Get summarizing information about a dataset.

lint

Check energon dataset for errors.

mount

Mount an energon WebdatasetFileStore at…

prepare

Prepare WebDataset for use with energon.

preview

Preview samples of a dataset on the console.

energon prepare

An interactive tool to generate metadata for your existing webdataset. This will help make the dataset compliant with our format.

The tool will ask you for a train/val/test split and how to assign the webdataset fields to the fields of the corresponding sample type in Energon.

See Data Preparation for more details on how to use this command.

energon info

Prints information about the dataset such as overall number of samples and size.

energon lint

You can execute this tool on the prepared dataset to check if the data is valid and loadable. It will report any problems such as non-readable images.

energon mount

Use this to mount your prepared dataset as a virtual read-only filesystem and inspect it using ls or other file browsing tools. It is as simple as running

energon mount /PATH/TO/DATASET ./MY_MOUNT_POINT

This will leave the process in the foreground and the mount will exist as long as the program is running. If you want to detach the process to the background, use the -d or --detach flag.

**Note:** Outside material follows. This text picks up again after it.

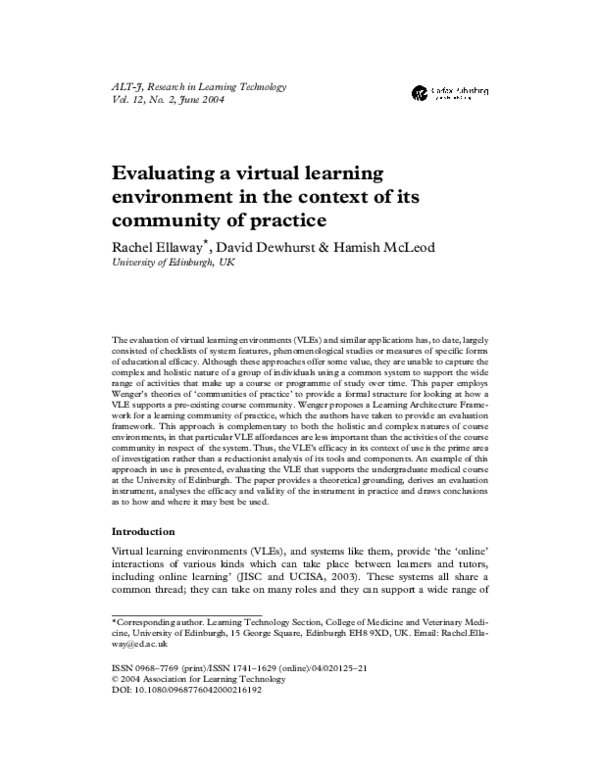 (PDF) Evaluating a virtual learning environment in the context of its ...
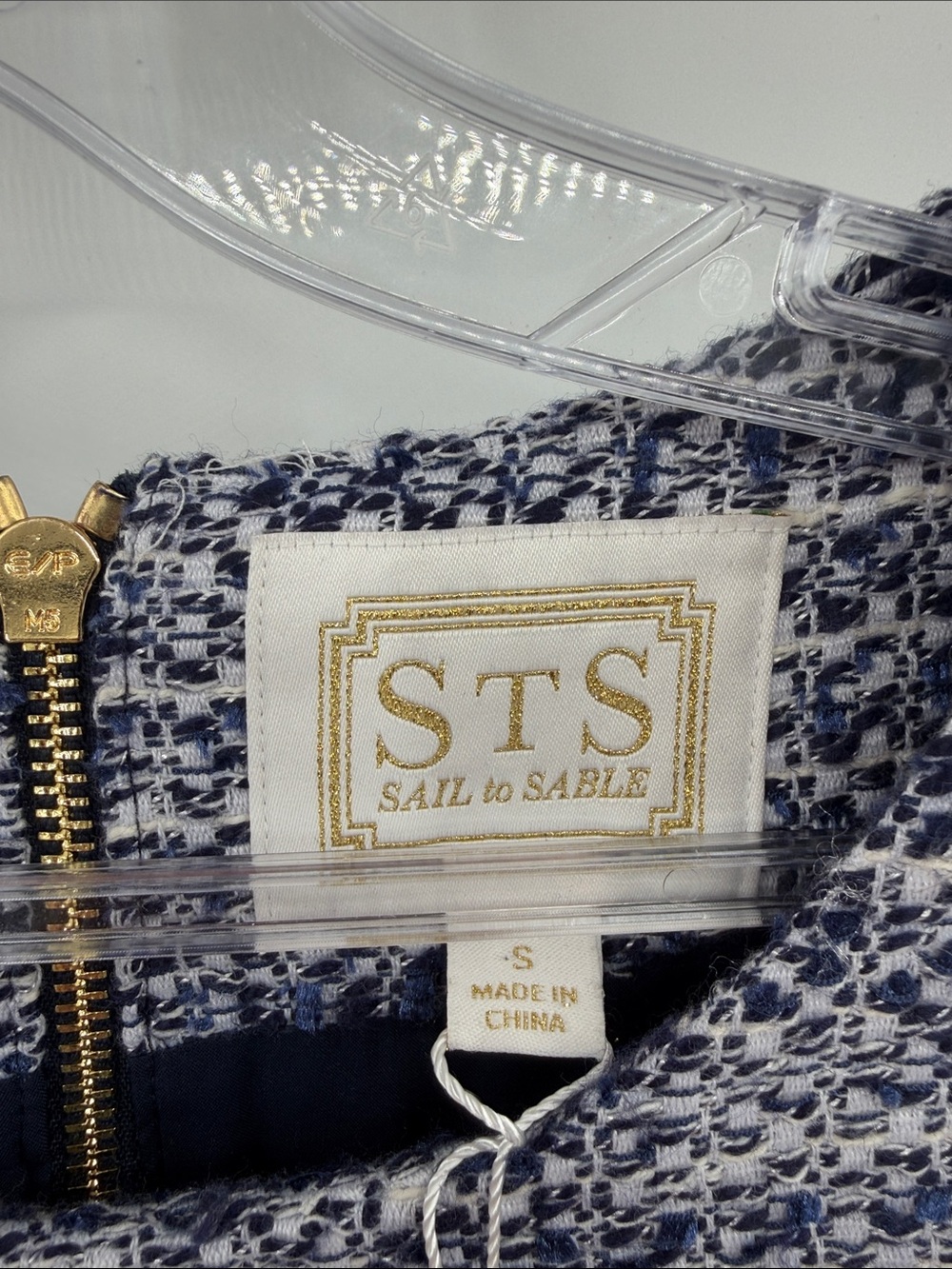 Sail to Sable Tweed Boxpleat Drop Waist Dress - Navy/White - Small - NWT - Picture 4 of 8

Two modes are supported by energon mount:

Flat mode (default)

Sample folder mode (flag -s)

Description

All files from all shards listed at
the root of the mount point.

One folder per sample key,
each folder containing files
named by the sample part extension

Example

001.jpg
001.txt
002.jpg
002.txt
...

001/
jpg
txt
002/
jpg
txt
...

Warning

You should not use the same sample keys in multiple shards of the same dataset. If you do, energon mount will not work as intended and it will display WARNING files in the virtual mount.

energon preview

This command will load a dataset and display samples one-by-one on the console. Note that this will not work for datasets with non-standard flavors or crude datasets.